November 27, 2009 at 5:38 PM

By: Jim Vail

cops and teachers

It should also be noted that there's a hiring freeze on cops in Chicago - so the homicide rate climbs; and the advent of charter schools who can kick out more easily and prevent troubled youth from being their responsibility to educate, still perform worse than traditional public schools. Because charter schools are filled iwth mostly beginning teachers who are in and out quickly, obviously having great teachers who return year after year because they are appreciated by being decently compensated counts a lot.

November 27, 2009 at 8:20 PM

By: zeta

REN 2010, A MONSTER!

PLEASE VIEW AND PASS ALONG. VERY INTERESTING!

http://vimeo.com/3658572

After viewing this interesting video you have to remember that REN 2010 is a catalyst for this violence. Students are torn from the schools where teachers have mentored and supported them for years. Then in many cases their homes are knocked down and they have to move to neighborhoods that they are not familiar with.

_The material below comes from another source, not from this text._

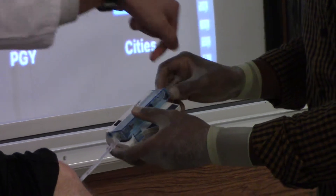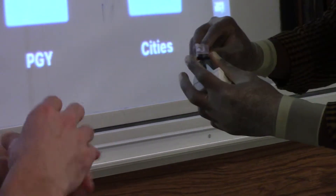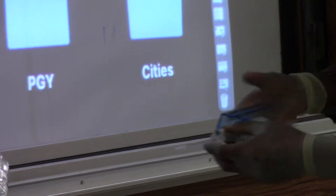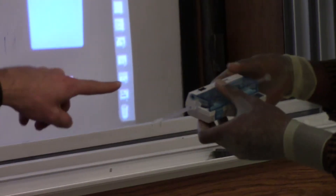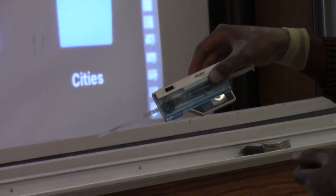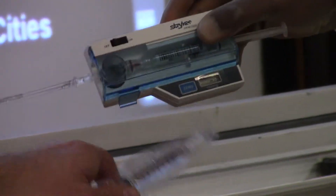If you rotate the back part so it's kind of flat across, then it's locked down. The back part of the syringe — you just have to kind of turn it so it lies flat. It locks in. Now, do the batteries work? Hopefully. Now we have some sort of value down there.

In many cases poor minority people are moving into uppity neighborhoods where they are resented because of cultural components. In the African American community there are two separate cultures often at odds with each other. Mix in the rival gang problem and you have a total nightmare.

Those people at the top who think they can move people around like pawns in a sick chess game are responsible for the deaths and mayhem they have created in Chicago.

Just imagine being poor, living in the projects with little parental guidance and many times no parents (due to incarceration and early deaths) and having the only stability you have ripped from under you every few years.

The architect of REN 2010 must have been an insensitive monster.

November 28, 2009 at 12:31 AM

By: George N. Schmidt

Insensitive monsters have names: Daley, Duncan, Huberman, Scott, Williams

"The architect of REN 2010 must have been an insensitive monster..." (Zeta, above).

True. Let's name them, though, so they do not remain anonymous. The primary architects and implementers of Renaissance 2010 (which is soon to become Renaissance 2015) have names:

Richard M. Daley

Arne Duncan.

Michael Scott.

Ron Huberman.

Rufus Williams.

Followed by the staff in the Office of New Schools (every last one of them) and the six surviving members of the Chicago Board of Education: Norman Bobins; Tariq Butt; Alberto Carrero; Peggy Davis; Clara Muñana; and Roxanne Ward.

Every one of those people is a crazed cult type: Ayn Rand fundamentalism. They have spent more time juicing and moaning over their well worn copies of "Atlas Shrugged" than over anything to do with real democratic public schools. Name their crimes, but also name each of them.